NEWS | Sept. 24, 2020

Cyber Shield 2020 tests Washington Guard cyber professionals

By Joseph Siemandel Washington National Guard

CAMP MURRAY, Wash. – As cyber threats become more sophisticated, there is an increased demand on cyber professionals in the National Guard to help protect critical infrastructure in cyberspace.

The past two weeks, 10 members of the Washington National Guard took part in Cyber Shield 2020, an unclassified defensively focused tactical cyber exercise conducted virtually by the Army National Guard with assistance from the Air National Guard, Navy, Army Reserve and industry partners.

"The intent of Cyber Shield is to provide a collective training event for defensive cyber operations," said Maj. Sameer Puri, Washington Army National Guard director of information management. "It provides a collective training event for cyber forces to set the conditions for evaluation against Army/Joint standards, network defense, forensic analysis, reporting, mitigation and incident response."

This is the 10th year Cyber Shield has taken place and is part of the National Guard's ongoing effort to improve the Guard's ability to respond to real-world cyber incidents.

"Cyber shield allows our Citizen-Soldiers to cross-train and collaborate, improving proficiency in all areas of the cybersecurity domain, and the best part of the exercise is building technical skills and fostering relations," said Capt. JoJohn Quinata, the team's battle captain for the Cyber Shield Exercise.

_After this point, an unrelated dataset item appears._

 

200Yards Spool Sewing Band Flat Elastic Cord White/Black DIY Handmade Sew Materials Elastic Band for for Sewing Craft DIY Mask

Many participants in the exercise were members of the Washington Army National Guard's G6 office who focus on information technology and the organization's network security. This year's exercise also included two members from the Washington Air National Guard because of their expertise in industrial control systems and host analysis.

"Cyber Shield gave us the best opportunity to come together as a defensive cyber operations team, practicing the scenarios based on real-world lessons learned," said Puri. "This year's scenario also focused on information operations, especially misinformation and disinformation activities using social media. As an information operations officer, I feel that this is a great step to move Cyber Shield to the next level of cyber defense exercise because our adversaries are using cyber as a vector for information operations attacks."

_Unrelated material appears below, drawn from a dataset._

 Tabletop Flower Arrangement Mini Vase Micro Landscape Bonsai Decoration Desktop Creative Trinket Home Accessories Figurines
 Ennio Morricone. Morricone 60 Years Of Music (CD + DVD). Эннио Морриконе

Since July, a seven-member team from the Washington National Guard and Washington State Guard have teamed with staff from the secretary of state's office to coordinate cybersecurity support for the upcoming elections. In 2018, elections systems were deemed "critical infrastructure" by the Department of Homeland Security and were part of a nationwide effort to upgrade security.

"The more prepared we are to protect our state and nation, whether it is fighting fires, responding to an earthquake or stopping cyberattacks, it makes us that much stronger," said Puri. "Our team was so happy to be able to participate in this exercise."